The second is an AWS Glue job that loads the metadata from S3 into the AWS Glue Data Catalog.
#### AWS Glue Data Catalog to Hive Metastore
- **Direct Migration**: An ETL job extracts metadata from specified databases
in the AWS Glue Data Catalog and loads it into a Hive metastore. This job is run
by AWS Glue, and requires an AWS Glue connection to the Hive metastore
as a JDBC source.
- **Migration using Amazon S3 Objects**: Two ETL jobs are used. The first is an AWS Glue job that extracts
metadata from specified databases in the AWS Glue Data Catalog and then writes it as S3 objects.
The second job loads the S3 objects into a Hive Metastore. The second job can be run either
as an AWS Glue job or on a cluster with Spark installed.
#### AWS Glue Data Catalog to another AWS Glue Data Catalog
- **Migration using Amazon S3 Objects**: Two AWS Glue jobs ETL jobs are run. The first
extracts metadata from specified databases in an AWS Glue Data Catalog and loads it
into S3. The second loads data from S3 into an AWS Glue Data Catalog. This is the
only way to migrate between Data Catalogs in different accounts. It combines the
workflow for AWS Glue to Hive using S3 with the workflow for Hive to AWS Glue
using S3.
#### Limitations
- Only databases, tables and partitions can be migrated. Other entities such as column
statistics, privileges, roles, functions, and transactions cannot be migrated.
- The script only supports a Hive metastore stored in a MySQL-compatible JDBC source.
Other Hive metastore database engines such as PostgreSQL are not supported yet.
- There is no isolation guarantee, which means that if Hive is doing concurrent
modifications to the metastore while the migration job is running, inconsistent
metadata can be introduced into the AWS Glue Data Catalog.

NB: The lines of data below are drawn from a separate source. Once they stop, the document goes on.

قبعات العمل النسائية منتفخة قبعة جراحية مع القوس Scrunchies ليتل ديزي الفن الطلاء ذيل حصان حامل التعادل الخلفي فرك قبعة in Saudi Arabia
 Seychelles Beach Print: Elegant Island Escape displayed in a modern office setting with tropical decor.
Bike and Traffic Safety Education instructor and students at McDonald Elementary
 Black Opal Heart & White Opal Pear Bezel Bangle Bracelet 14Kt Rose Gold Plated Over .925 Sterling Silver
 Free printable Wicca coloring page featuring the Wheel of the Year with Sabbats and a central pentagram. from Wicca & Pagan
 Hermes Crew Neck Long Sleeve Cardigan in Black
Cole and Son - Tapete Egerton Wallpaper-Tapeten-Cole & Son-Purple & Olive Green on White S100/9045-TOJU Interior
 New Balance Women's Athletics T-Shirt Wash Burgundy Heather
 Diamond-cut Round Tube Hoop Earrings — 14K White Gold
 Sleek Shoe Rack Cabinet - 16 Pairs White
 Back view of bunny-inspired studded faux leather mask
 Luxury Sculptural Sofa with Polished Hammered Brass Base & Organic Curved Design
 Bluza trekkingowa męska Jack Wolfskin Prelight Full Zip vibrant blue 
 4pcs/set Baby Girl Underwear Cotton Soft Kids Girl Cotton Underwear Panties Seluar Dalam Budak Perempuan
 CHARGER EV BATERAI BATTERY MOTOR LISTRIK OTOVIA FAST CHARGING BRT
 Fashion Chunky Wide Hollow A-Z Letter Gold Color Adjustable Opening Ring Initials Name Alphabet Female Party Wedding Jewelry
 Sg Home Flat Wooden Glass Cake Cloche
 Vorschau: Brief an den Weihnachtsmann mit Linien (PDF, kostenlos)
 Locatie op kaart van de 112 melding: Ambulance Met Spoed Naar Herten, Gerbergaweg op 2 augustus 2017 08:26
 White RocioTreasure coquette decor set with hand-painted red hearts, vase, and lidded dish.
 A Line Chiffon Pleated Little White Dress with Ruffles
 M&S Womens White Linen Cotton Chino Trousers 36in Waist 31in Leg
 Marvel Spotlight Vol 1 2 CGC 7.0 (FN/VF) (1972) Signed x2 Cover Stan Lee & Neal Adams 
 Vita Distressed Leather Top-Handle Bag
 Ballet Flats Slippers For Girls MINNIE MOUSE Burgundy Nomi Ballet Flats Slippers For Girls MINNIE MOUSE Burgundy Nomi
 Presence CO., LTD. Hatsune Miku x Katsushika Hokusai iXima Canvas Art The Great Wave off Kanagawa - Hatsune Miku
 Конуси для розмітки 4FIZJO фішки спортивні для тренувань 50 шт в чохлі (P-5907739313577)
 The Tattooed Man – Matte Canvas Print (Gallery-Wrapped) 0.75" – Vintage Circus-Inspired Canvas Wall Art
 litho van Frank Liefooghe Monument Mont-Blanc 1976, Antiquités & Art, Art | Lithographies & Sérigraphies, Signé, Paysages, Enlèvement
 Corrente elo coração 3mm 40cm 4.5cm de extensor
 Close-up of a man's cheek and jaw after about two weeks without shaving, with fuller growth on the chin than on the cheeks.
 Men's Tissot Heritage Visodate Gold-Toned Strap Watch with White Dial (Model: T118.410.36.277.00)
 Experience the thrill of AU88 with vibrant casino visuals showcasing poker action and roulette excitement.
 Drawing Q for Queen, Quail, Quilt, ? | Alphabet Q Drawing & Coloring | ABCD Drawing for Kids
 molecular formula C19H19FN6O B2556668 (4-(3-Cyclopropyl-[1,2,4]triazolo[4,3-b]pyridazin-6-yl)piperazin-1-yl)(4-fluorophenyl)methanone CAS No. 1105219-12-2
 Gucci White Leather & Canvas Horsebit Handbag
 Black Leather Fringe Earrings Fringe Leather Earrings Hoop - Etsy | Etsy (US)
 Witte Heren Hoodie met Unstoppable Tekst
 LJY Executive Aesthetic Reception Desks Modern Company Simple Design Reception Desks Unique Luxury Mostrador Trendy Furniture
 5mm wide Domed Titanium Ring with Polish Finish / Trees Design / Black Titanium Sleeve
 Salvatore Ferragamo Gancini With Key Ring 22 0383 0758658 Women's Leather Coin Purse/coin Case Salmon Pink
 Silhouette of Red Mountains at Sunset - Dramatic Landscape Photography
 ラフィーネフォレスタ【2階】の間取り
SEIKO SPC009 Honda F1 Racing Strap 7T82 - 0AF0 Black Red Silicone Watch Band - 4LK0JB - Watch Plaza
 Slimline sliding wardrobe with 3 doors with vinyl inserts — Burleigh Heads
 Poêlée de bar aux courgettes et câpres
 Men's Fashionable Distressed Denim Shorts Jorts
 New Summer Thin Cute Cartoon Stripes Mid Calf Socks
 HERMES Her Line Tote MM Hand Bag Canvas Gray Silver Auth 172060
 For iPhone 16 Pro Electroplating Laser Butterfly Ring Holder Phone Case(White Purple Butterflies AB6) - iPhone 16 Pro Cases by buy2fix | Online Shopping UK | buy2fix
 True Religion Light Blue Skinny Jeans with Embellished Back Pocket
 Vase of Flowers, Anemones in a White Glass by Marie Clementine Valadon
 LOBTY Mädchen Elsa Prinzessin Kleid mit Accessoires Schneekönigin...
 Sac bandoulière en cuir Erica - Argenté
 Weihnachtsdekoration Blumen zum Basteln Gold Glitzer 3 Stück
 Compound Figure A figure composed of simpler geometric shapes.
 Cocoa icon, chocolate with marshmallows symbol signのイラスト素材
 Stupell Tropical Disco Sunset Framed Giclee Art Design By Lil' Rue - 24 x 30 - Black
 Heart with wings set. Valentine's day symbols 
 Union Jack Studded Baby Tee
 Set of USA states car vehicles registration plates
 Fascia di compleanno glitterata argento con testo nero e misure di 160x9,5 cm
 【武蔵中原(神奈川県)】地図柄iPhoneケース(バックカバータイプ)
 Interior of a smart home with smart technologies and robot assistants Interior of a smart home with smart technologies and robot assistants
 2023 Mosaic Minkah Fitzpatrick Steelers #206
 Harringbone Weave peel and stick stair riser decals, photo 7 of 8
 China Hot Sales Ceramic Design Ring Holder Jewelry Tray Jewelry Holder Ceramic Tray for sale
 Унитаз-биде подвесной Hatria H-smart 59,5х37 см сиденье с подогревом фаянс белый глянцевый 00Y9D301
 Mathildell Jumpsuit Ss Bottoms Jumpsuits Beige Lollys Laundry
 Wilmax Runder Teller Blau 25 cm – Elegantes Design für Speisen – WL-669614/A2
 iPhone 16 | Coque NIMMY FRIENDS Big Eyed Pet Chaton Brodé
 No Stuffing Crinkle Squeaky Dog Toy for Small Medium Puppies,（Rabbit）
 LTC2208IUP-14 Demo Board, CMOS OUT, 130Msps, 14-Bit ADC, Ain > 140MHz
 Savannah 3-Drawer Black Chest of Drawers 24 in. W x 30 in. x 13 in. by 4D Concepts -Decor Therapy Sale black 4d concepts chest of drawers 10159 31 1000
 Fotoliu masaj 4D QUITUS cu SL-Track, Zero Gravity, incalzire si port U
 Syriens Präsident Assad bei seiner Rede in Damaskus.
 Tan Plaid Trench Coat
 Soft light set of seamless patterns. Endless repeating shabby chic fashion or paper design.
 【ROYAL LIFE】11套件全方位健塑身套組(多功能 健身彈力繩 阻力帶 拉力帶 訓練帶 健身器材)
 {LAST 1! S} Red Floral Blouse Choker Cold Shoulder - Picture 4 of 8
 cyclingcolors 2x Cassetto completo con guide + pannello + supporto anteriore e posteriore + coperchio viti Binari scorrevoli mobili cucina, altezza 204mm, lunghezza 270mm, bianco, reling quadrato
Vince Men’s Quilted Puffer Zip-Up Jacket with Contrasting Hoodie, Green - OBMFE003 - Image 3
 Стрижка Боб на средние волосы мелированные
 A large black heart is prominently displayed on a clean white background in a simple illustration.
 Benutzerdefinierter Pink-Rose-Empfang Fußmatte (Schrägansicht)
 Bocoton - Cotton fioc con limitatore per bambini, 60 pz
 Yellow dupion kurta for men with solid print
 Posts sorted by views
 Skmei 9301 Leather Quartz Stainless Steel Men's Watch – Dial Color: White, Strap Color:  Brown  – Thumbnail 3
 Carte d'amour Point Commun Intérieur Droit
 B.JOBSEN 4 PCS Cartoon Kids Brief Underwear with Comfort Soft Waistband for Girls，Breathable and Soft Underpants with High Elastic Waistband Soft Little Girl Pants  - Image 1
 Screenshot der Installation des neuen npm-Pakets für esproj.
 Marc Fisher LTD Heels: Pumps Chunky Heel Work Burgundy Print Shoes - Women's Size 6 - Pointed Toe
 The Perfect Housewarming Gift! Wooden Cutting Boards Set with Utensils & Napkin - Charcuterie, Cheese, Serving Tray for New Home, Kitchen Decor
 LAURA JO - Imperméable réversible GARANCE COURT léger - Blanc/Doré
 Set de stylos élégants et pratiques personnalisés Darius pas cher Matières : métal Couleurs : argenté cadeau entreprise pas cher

- There is no streaming support. Hive metastore migration is done as a batch job.
- If there is a naming conflict with existing objects in the target Data Catalog,
then the existing data is overwritten by the new data.
- Your Hive metastore must reside in a MySQL database accessible by AWS Glue.
Currently, AWS Glue is able to connect to the JDBC data sources in a VPC subnet,
such as RDS, EMR local Hive metastore, or a self-managed database on EC2.
If your Hive metastore is not directly accessible by AWS Glue, then you must
use Amazon S3 as intermediate staging area for migration.
## Instructions
Below are instructions for using each of the migration workflows described above.
#### Migrate Directly from Hive to AWS Glue
1. Set up AWS Glue as described in the following steps:
- [Set up IAM permissions for AWS Glue](http://docs.aws.amazon.com/glue/latest/dg/getting-started-access.html).
- [Set up VPC endpoints for Amazon S3](http://docs.aws.amazon.com/glue/latest/dg/vpc-endpoints-s3.html).
- [Set up VPC to connect to JDBC Data Stores](http://docs.aws.amazon.com/glue/latest/dg/setup-vpc-for-glue-access.html).
If the Hive metastore is in a local database in the EMR master instance, just configure
the EMR VPC subnet and EMR master security group, similar to the RDS configuration.
- [Set up DNS in your VPC](http://docs.aws.amazon.com/glue/latest/dg/set-up-vpc-dns.html).
2. Gather your Hive metastore JDBC connection information. You can find the Hive
metastore JDBC URL, username, and password in the file named `hive-site.xml`.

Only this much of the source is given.